We don’t know but, not surprisingly, Wallace’s explanation didn’t wash with Robert Morse, chief data strategist at U.S. News. As reported by the H-A, Morse claimed the test score comparisons across schools “are generally reliable” and that “[t]o the extent that any comparisons are unfair, in this particular case, Maine South and Maine West would have both been advantaged by the fact that they tested their students in ELA I, the easier ELA assessment.”

Morse went on to explain that because South and West didn’t pass step one of the U.S. News methodology because their performance was no better than might be expected, “given their proportion of students identified as economically disadvantaged.”

Wallace remained defiant, claiming that once D-207 schools start using the SAT the comparisons with other schools will be “apples to apples.”

Let’s hope so.

Wallace was quick to point out that typically high performers like Barrington, Deerfield and Highland Park high schools also didn’t make the rankings cut, and that the “metrics that matter the most is [sic] really the CRI [College Readiness Index],” But South’s CRI – according to U.S. News – is a disappointing 44.6, although up almost 4 points from last year.

Compare that to not only the three top suburban schools — Stevenson (71.6), Hinsdale Central (62.8) and Prospect (61.5) – but also to less prestigious schools like Hersey (58.9), Buffalo Grove (52.9) and York (50.8).

Even the three also-unranked schools that Wallace noted did better than South: Barrington’s CRI was 46.8, Deerfield’s was 58.6 and Highland Park’s was 58.3. Even our out-of-the-money neighbor to the north, Glenbrook South, clocked in with a 55.6.
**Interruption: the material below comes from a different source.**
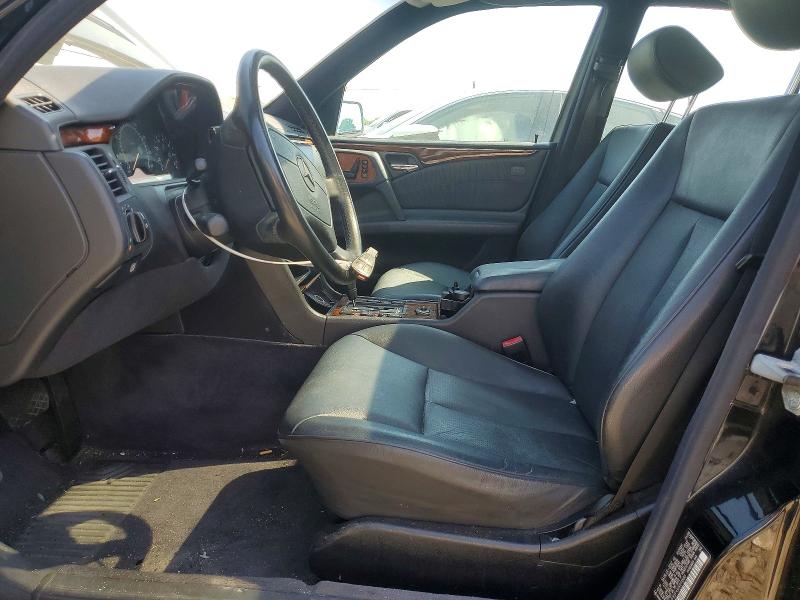 53981806 :رقم المزاد ، WDBJF82F4WX011505 vin ، 1998 Mercedes-benz E مزاد بيع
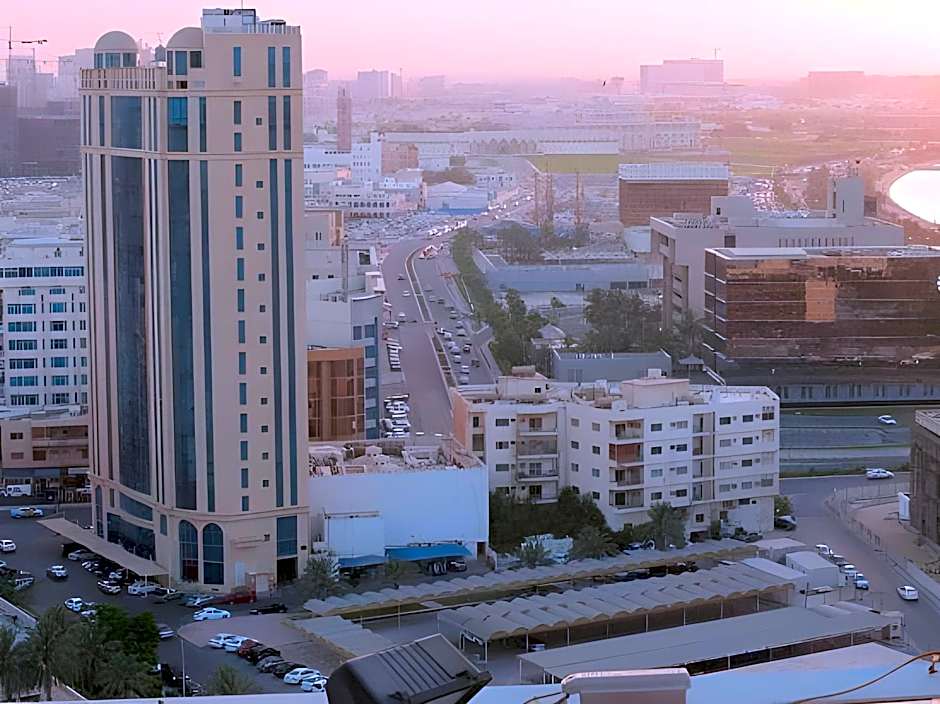 Gloria Hotel & Suites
What does all of this mean?

We don’t know, because we’re not willing or able to figure out how many U.S. News testing metrics – or Supt. Wallace’s metrics, for that matter – can dance on the head of a pin.

But one thing we are pretty sure of is that when parents from the City of Chicago or outside the Chicago area are looking at relocating to suburbs with the highest-quality schools, Park Ridge takes a big hit – justified or not – when its flagship high school gets beaten out by so many schools from other communities where the taxes are so much lower, especially when 70% of our property tax bills are attributed to our local public schools.

And irrespective of how Maine South compares to schools in those other north, northwest and west suburbs, we didn’t hear Wallace trying to justify South’s 44.6 CRI number.

Think about that for a minute: An affluent suburb like Park Ridge, taxing and spending near the top of the pack (at approx. $18,000 per student per year), appears incapable of educating even half of its students to the level of “college readiness.” And all we get from Wallace and the D-207 School Board is…crickets.

Are those kids arriving at South, primarily from D-64 – itself among the highest-priced elementary districts – under-prepared for high school? If so, it’s time for Wallace and the folks at South to say so. Then let Supt. Laurie Heinz, her heretofore puppet school board members, and her administrators defend their stewardship of their schools’ students.

If not, then it’s time to start questioning the stewardship of Wallace, his puppet school board members, and his administrators.

We’ve had more than enough of what appears to be a conspiracy of mutual silence and back-scratching by the folks running both D-64 and D-207.

Meanwhile, it’s well past time the Illinois State Board of Education started producing its own official “apples-to-apples” comparisons of Illinois schools – both elementary and secondary – rather than leaving the task to the likes of U.S. News, Schooldigger, et al.

Because, like it or not, comparative school shopping and community shopping is here to stay – especially when those schools consume a whopping 70% of a community’s hefty property tax bill.

To read or post comments, click on title.

8 comments so far

When will anybody but this blog (and Moira Collins, who spoke at the WCB “public hearing”) ask tough questions of these school people. It’s like they wear Teflon armor that nothing sticks to.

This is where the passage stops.